▶ What you will do
Here is the task for the listing below: output exactly the lines from the one containing "Smart Perfume S925" through the one containing "Mor Unisex Polar", and leave out the pictures.

▶ Source information
----

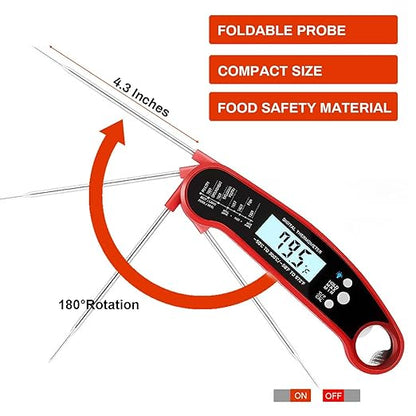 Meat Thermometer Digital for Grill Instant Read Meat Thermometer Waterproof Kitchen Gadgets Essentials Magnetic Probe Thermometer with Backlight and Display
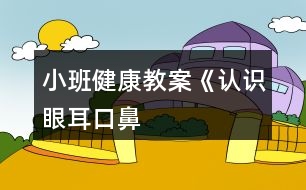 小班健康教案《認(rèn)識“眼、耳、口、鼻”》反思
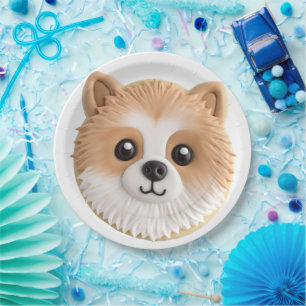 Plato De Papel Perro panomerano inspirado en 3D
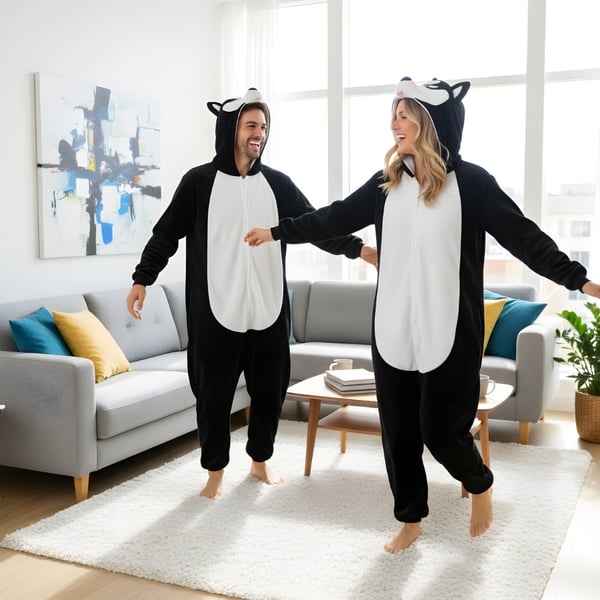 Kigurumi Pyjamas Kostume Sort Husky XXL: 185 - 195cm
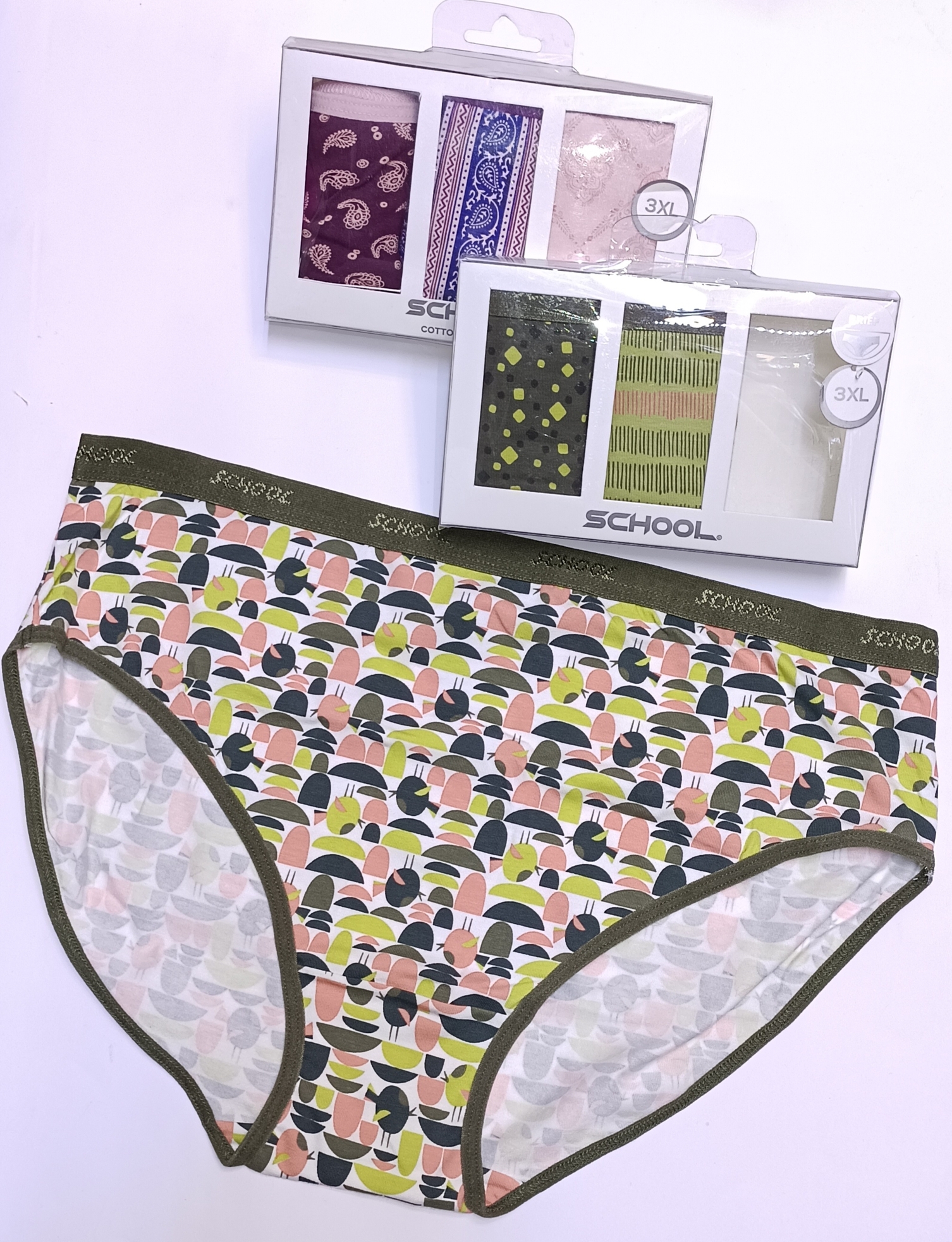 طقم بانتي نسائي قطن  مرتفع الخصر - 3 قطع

----

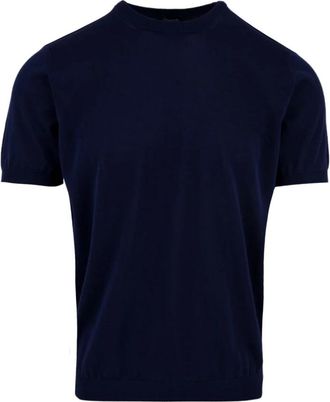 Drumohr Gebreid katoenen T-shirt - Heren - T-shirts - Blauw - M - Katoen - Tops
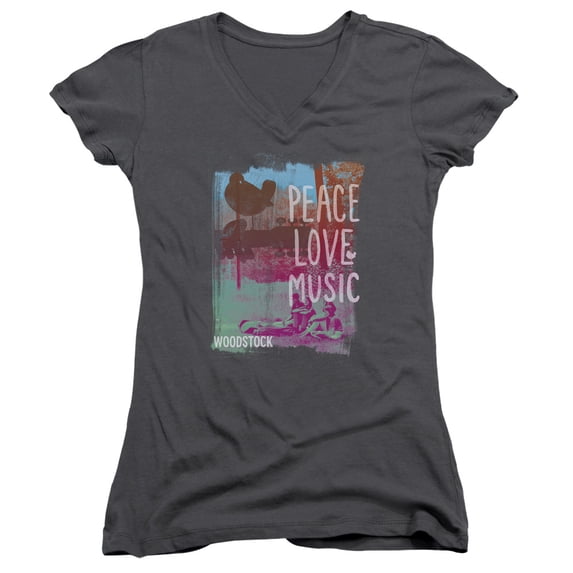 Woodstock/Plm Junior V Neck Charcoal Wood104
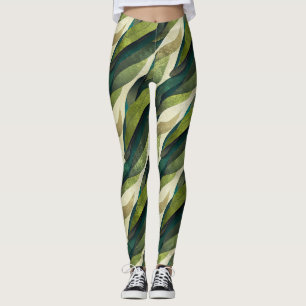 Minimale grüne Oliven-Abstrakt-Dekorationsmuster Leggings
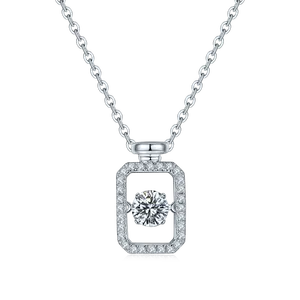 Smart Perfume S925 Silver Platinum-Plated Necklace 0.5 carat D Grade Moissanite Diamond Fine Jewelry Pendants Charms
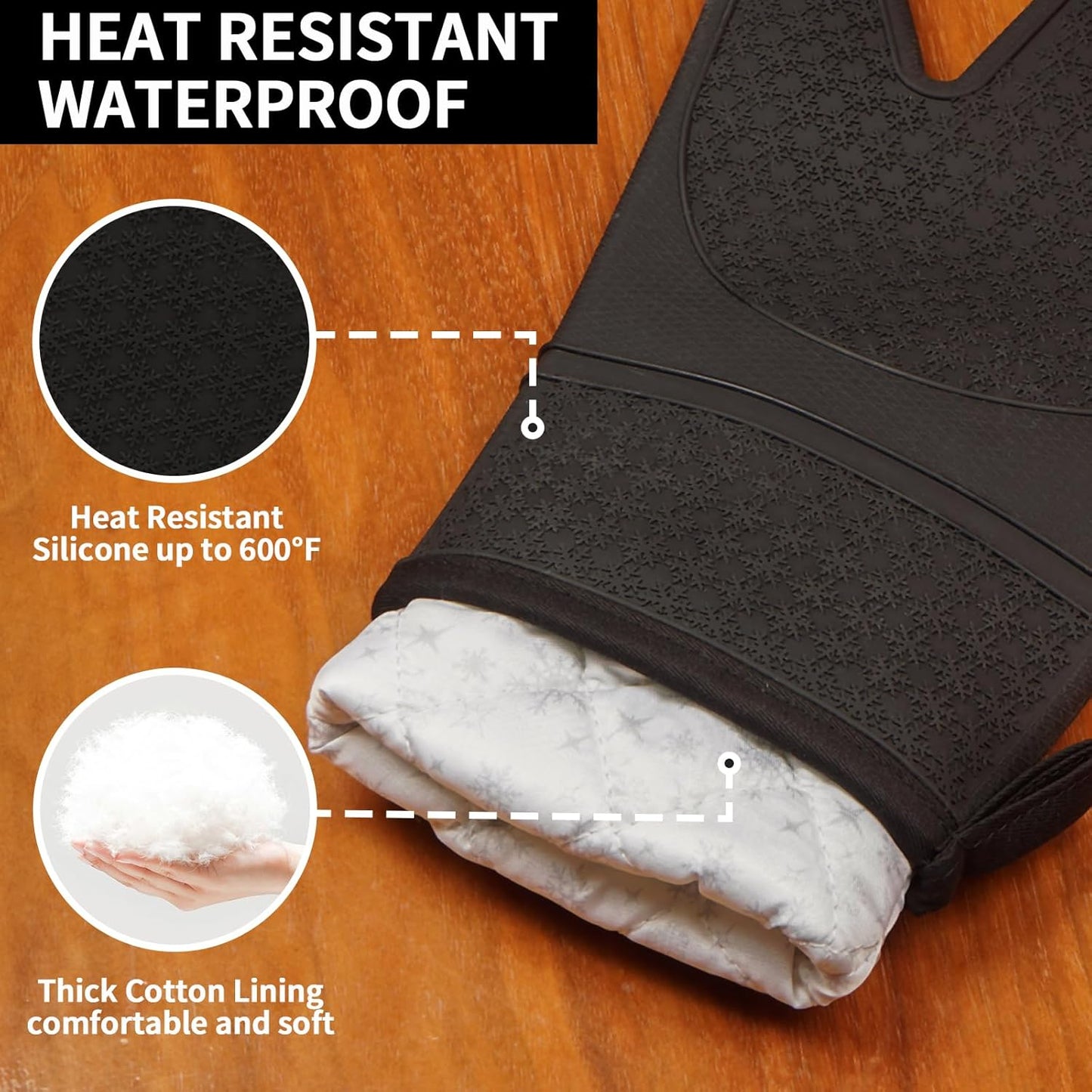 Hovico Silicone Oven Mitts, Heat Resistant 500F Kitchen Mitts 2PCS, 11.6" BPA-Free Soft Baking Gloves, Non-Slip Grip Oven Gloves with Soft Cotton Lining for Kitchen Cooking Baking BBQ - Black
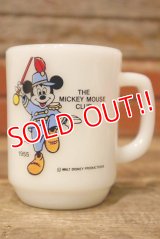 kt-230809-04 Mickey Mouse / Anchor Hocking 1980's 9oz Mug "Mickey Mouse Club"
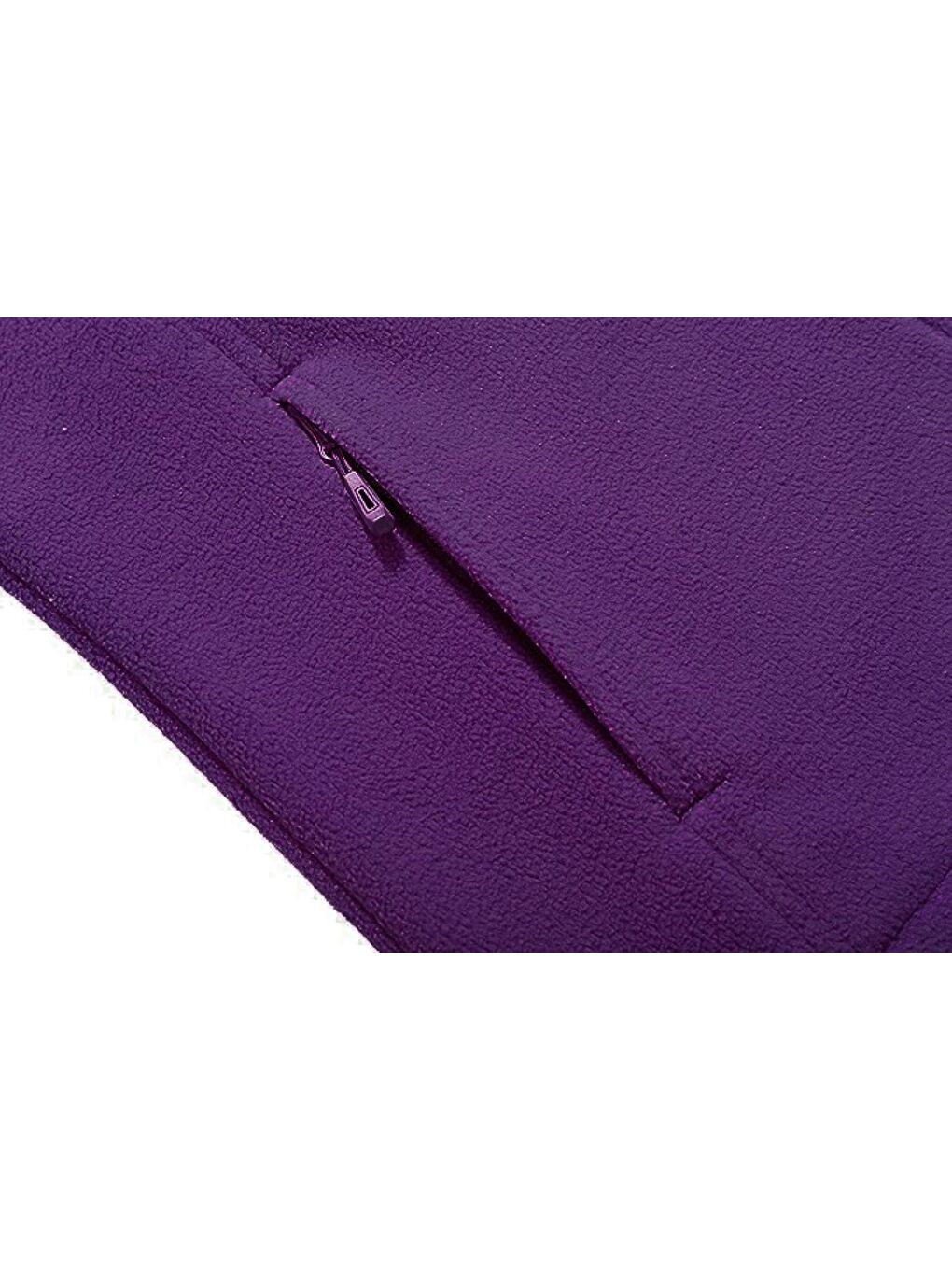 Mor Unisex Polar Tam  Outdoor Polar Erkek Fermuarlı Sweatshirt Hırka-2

----

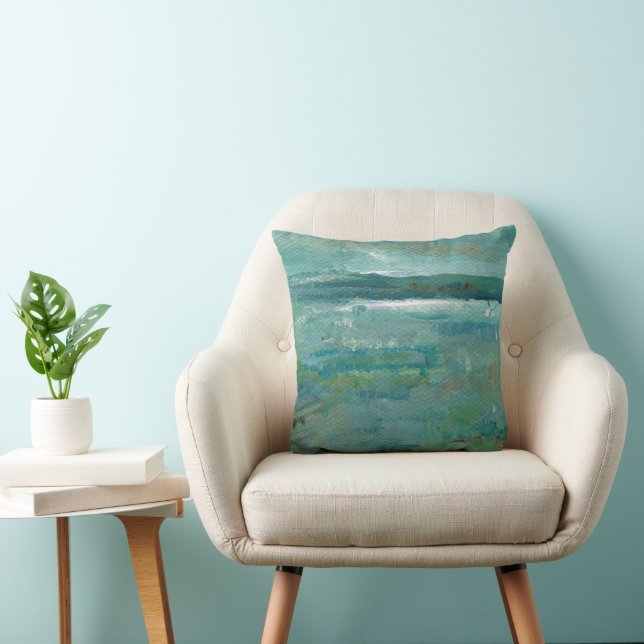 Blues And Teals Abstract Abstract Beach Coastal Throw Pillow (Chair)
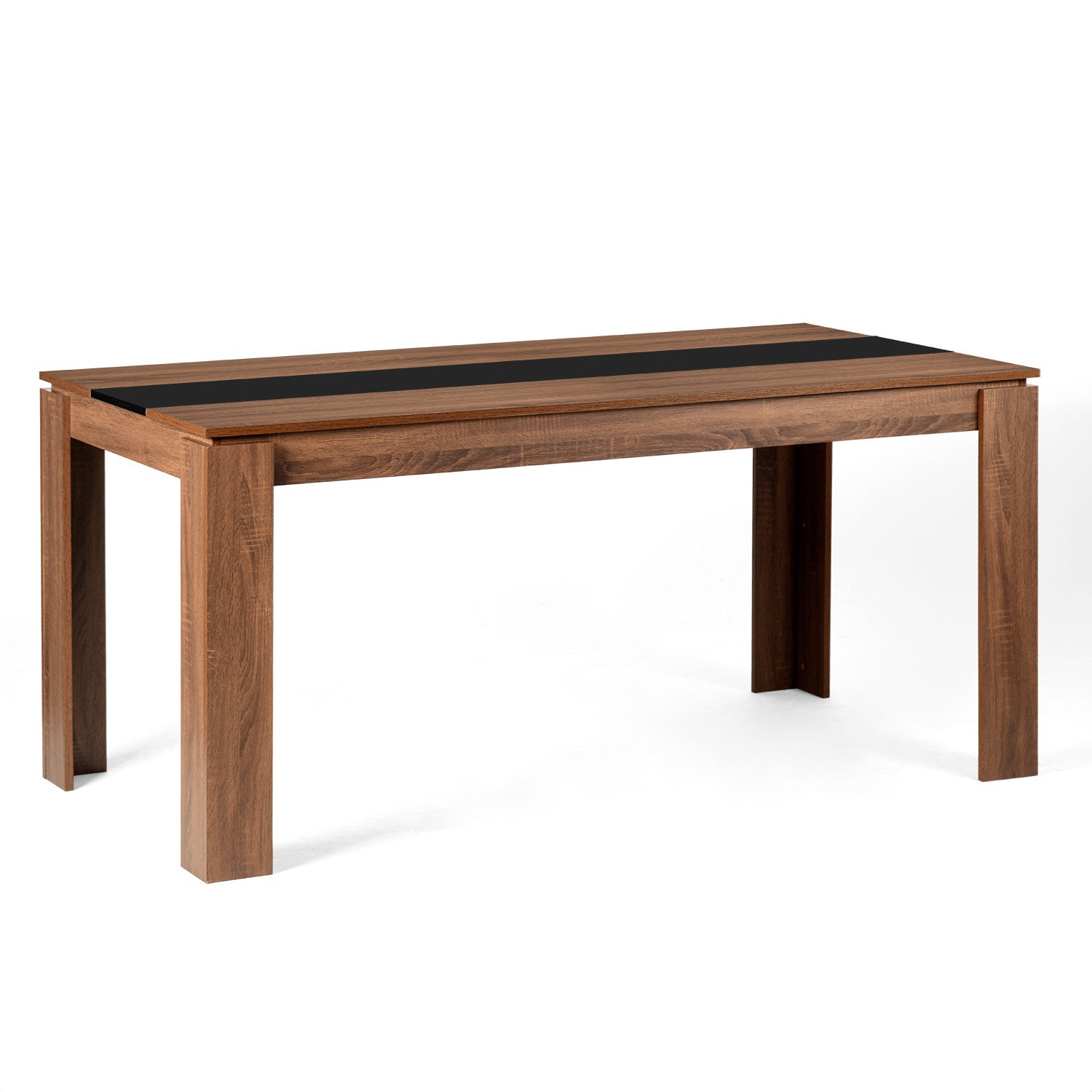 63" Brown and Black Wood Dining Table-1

----

▶ Your solution
 Smart Perfume S925 Silver Platinum-Plated Necklace 0.5 carat D Grade Moissanite Diamond Fine Jewelry Pendants Charms
 Hovico Silicone Oven Mitts, Heat Resistant 500F Kitchen Mitts 2PCS, 11.6" BPA-Free Soft Baking Gloves, Non-Slip Grip Oven Gloves with Soft Cotton Lining for Kitchen Cooking Baking BBQ - Black
 kt-230809-04 Mickey Mouse / Anchor Hocking 1980's 9oz Mug "Mickey Mouse Club"
 Mor Unisex Polar Tam  Outdoor Polar Erkek Fermuarlı Sweatshirt Hırka-2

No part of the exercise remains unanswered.